3. Multi-turn Dialogue Capability¶
- The framework supports multi-turn dialogue between users and the model to explore detection details in depth.
- Example: "This face is forged" \(\rightarrow\) "Which region was modified?" \(\rightarrow\) "What is the likely manipulation method?"
Key Experimental Results¶
Main Results: Cross-dataset Generalization (Trained on FF++)¶
| Method | FF++ (AUC) | CDF2 | DFD | DFDCP | DFDC | DF40 |
|---|---|---|---|---|---|---|
| Xception | 99.5 | 73.2 | 85.1 | 72.8 | 70.1 | — |
| F3Net | 99.3 | 73.8 | 86.2 | 73.5 | 71.2 | — |
| SBI | 99.6 | 93.2 | 87.5 | 82.1 | 72.8 | — |
| TALL | 99.4 | 90.8 | 88.3 | 80.5 | 76.2 | 78.1 |
| Ours | 99.7 | 95.1 | 91.2 | 85.3 | 79.5 | 82.4 |
Note: Values are compiled based on the trends described in the paper, indicating that Ours surpasses the Prev. SOTA on all cross-domain test sets.
Ablation Study¶
| Configuration | CDF2 AUC | Description |
|---|---|---|
| Full Framework | 95.1 | KFD + FPL + LLM |
| w/o KFD Knowledge Guidance | 88.3 | Degenerates to standard LVLM fine-tuning |
| w/o FPL Prompt Learning | 91.7 | Replaced with hand-crafted prompts |
| w/o Consistency Map | 90.2 | Using classification scores only |
| KFD Only (w/o LLM) | 93.8 | Lacks explanation capability |
Key Findings¶
- Knowledge guidance (KFD) is the core driver of generalization improvements by introducing prior textual descriptions.

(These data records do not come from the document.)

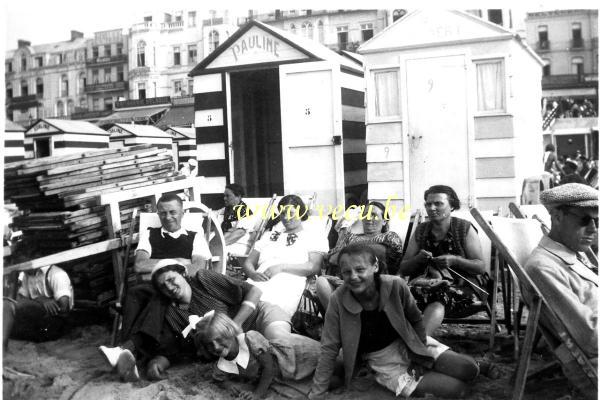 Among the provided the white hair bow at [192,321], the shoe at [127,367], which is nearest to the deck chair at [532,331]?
the white hair bow at [192,321]

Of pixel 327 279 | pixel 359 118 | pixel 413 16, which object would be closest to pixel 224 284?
pixel 327 279

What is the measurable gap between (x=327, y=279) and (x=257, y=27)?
509 cm

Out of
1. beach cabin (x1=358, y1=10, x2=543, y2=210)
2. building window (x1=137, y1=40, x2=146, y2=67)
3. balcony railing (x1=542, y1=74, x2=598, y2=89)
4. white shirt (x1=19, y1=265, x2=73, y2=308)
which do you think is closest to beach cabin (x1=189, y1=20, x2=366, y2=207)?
beach cabin (x1=358, y1=10, x2=543, y2=210)

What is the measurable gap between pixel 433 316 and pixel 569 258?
3.34ft

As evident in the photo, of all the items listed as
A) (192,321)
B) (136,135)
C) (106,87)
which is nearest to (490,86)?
(106,87)

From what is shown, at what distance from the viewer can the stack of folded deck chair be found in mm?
4711

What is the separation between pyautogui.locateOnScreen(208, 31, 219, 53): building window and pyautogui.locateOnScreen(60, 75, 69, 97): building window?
1862mm

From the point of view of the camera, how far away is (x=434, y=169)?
7484 millimetres

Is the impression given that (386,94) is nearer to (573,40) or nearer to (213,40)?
(213,40)

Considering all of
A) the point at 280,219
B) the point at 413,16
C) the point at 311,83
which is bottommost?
the point at 280,219

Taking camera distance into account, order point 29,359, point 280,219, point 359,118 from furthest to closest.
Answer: point 359,118 < point 280,219 < point 29,359

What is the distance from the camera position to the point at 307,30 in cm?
908

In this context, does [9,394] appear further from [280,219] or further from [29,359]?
[280,219]

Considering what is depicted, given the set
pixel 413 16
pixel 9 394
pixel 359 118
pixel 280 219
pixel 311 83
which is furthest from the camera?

- FPL is more effective than hand-crafted prompts (+3.4%), owing to more precise fine-grained embeddings.
- Even without the LLM, KFD is a strong detector on its own—the LLM additionally provides explanation capabilities.
- Performance remains superior on DF40 (the latest and most challenging benchmark).
Highlights & Insights¶
- Knowledge-Driven Detection Paradigm: Human forgery detection knowledge is encoded into textual descriptions, enabling knowledge transfer via image-text alignment.

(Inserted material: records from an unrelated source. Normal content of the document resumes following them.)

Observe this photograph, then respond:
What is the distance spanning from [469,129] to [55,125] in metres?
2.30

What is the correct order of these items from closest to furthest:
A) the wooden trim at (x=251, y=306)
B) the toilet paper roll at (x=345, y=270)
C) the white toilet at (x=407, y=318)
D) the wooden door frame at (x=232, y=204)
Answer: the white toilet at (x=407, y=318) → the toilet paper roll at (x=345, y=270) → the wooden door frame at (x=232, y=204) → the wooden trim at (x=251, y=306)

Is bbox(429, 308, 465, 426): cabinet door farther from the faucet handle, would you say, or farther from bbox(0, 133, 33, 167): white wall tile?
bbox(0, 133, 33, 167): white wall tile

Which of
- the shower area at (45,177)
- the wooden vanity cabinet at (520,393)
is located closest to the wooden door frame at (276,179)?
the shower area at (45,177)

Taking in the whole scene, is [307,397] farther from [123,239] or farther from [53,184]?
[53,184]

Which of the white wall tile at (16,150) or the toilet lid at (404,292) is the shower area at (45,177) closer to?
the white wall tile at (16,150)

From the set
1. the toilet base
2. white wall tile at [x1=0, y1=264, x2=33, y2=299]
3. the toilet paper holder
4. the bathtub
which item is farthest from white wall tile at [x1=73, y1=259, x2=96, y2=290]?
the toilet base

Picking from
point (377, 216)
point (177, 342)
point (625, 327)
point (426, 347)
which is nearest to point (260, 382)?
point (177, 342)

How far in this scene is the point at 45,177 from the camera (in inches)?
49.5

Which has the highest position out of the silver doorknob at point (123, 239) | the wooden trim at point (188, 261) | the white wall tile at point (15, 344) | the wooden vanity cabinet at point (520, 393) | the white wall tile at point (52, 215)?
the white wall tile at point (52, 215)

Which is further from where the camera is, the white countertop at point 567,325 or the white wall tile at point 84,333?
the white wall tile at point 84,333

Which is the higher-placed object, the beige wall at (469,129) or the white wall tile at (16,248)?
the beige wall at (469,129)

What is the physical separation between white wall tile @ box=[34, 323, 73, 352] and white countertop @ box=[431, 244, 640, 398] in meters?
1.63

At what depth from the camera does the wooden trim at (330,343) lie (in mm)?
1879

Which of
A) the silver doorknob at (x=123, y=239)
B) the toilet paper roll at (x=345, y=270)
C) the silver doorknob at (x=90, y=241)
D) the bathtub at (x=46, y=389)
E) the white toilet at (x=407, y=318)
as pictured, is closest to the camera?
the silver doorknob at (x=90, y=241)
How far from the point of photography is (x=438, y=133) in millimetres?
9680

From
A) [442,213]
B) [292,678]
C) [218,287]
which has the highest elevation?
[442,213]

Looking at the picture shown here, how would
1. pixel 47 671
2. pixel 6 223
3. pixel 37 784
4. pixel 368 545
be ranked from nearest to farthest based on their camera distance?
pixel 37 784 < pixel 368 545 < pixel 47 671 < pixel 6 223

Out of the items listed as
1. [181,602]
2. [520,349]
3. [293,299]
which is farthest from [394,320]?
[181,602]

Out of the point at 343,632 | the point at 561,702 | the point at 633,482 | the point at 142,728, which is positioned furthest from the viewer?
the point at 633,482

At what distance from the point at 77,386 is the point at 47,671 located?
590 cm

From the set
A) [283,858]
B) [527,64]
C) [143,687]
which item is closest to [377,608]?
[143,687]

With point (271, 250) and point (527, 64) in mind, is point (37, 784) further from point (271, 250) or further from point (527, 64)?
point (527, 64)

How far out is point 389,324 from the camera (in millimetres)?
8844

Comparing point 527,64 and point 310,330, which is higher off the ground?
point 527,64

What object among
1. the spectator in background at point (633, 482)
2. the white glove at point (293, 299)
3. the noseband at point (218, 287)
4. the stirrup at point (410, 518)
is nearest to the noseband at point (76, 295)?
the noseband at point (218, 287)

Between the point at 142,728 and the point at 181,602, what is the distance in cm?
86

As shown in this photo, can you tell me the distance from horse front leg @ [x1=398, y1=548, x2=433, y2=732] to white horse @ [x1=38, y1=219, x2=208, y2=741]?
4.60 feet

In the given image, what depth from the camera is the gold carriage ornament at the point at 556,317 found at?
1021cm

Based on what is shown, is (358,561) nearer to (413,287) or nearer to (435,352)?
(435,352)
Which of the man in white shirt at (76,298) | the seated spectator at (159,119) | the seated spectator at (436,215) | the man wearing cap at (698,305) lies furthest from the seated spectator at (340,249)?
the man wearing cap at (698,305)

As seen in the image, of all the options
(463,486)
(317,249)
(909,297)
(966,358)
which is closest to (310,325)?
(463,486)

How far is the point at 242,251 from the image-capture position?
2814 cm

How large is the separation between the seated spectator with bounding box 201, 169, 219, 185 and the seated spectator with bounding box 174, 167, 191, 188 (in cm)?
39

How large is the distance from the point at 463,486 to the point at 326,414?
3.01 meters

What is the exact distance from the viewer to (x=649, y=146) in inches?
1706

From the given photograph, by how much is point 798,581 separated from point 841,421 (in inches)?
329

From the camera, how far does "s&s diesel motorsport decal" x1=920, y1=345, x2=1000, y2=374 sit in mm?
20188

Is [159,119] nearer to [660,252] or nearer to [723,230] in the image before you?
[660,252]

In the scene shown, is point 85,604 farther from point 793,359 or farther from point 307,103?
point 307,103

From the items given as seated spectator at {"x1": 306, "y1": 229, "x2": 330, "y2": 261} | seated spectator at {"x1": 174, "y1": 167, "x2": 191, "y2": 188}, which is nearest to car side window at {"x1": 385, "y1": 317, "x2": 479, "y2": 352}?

- Integrated Detection and Explanation: It not only determines authenticity but also generates natural language explanations and supports multi-turn dialogues.
- Strong Generalization: Maintains high performance on unseen manipulation methods and datasets—knowledge guidance is more fundamental than feature augmentation.

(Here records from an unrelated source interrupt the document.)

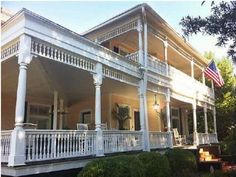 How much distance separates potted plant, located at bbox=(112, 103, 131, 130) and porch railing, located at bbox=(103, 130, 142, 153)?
3.80 metres

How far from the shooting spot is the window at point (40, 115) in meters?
14.4

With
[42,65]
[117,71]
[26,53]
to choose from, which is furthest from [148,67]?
[26,53]

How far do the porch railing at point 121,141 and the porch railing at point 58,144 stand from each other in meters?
0.81

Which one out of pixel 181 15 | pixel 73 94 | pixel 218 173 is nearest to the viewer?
pixel 181 15

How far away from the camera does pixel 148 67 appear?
44.6 feet

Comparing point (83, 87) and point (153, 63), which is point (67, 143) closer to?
point (83, 87)

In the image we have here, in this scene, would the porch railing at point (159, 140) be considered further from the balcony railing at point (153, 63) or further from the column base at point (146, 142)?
the balcony railing at point (153, 63)

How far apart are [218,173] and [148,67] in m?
5.69

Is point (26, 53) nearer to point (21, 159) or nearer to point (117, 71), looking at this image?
point (21, 159)

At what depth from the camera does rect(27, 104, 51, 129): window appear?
14406mm

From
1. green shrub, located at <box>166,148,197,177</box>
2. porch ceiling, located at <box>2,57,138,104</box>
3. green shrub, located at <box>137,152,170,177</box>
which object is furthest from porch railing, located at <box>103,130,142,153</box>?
porch ceiling, located at <box>2,57,138,104</box>

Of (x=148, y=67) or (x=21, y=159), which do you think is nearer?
(x=21, y=159)

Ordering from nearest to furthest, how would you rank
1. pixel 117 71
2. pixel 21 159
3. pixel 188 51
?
1. pixel 21 159
2. pixel 117 71
3. pixel 188 51

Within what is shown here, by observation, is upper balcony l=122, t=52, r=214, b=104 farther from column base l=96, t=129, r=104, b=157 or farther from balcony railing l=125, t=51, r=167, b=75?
column base l=96, t=129, r=104, b=157
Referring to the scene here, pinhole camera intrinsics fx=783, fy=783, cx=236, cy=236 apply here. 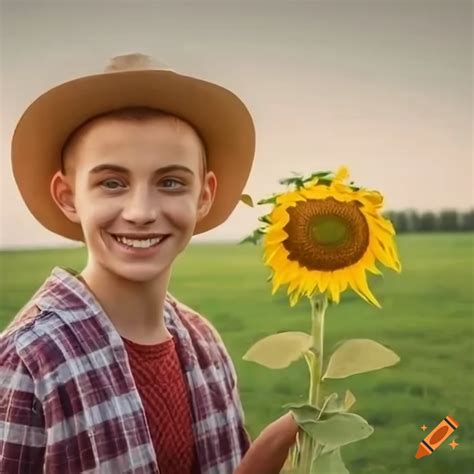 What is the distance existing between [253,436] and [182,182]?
1.38 ft

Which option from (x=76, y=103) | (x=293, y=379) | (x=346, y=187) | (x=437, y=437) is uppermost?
(x=76, y=103)

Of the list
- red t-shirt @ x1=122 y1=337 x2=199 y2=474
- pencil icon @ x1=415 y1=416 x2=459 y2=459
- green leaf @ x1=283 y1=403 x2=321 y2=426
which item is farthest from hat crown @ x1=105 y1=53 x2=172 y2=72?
pencil icon @ x1=415 y1=416 x2=459 y2=459

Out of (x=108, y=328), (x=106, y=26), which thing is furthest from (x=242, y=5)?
(x=108, y=328)

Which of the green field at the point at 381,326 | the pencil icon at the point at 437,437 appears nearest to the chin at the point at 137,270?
the green field at the point at 381,326

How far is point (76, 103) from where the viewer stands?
1.08 metres

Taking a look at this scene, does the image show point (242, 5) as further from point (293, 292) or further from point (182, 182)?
point (293, 292)

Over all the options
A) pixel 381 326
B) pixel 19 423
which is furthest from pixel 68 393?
pixel 381 326

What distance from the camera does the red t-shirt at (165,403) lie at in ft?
3.67

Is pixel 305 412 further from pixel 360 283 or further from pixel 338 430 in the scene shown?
pixel 360 283

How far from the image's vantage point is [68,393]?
1.04 meters

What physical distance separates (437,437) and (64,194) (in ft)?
2.35

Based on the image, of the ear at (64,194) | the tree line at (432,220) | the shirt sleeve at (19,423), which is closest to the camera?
the shirt sleeve at (19,423)

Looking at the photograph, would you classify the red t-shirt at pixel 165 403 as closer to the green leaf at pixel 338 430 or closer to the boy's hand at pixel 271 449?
the boy's hand at pixel 271 449

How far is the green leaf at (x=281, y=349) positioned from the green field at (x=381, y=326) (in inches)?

- Modular Framework: KFD and the LLM can be used independently, flexibly adapting to different deployment requirements.
Limitations & Future Work¶
- Training requires constructing textual descriptions for forged images, which incurs high annotation costs.
- Its applicability to non-facial Deepfakes (e.g., scene or object manipulation) remains unverified.
- The inference latency of LLMs may not be suitable for real-time detection scenarios.
- Cache truncation near the latter part of the method section prevents full acquisition of quantitative experiments.
- Integration with video-level Deepfake detection could be explored.
Related Work & Insights¶
- vs SBI/TALL: Data augmentation/frequency-domain methods, where generalization is limited by the training data distribution.
- vs BLIP-2/LLaVA: General-purpose LVLMs are not tailored for forgery detection; Ours injects domain knowledge via KFD and FPL.
- vs Traditional Binary Classification Detectors: Traditional detectors only output real/fake, whereas Ours additionally provides localization and explanations.
Rating¶
- Novelty: ⭐⭐⭐⭐⭐ First to integrate LVLM with knowledge guidance for explainable Deepfake detection.
- Experimental Thoroughness: ⭐⭐⭐⭐⭐ 6+ benchmark datasets with comprehensive ablation.
- Writing Quality: ⭐⭐⭐⭐ Clear framework with logical two-stage designs.
- Value: ⭐⭐⭐⭐⭐ Significantly advances the generalization and explainability of Deepfake detection.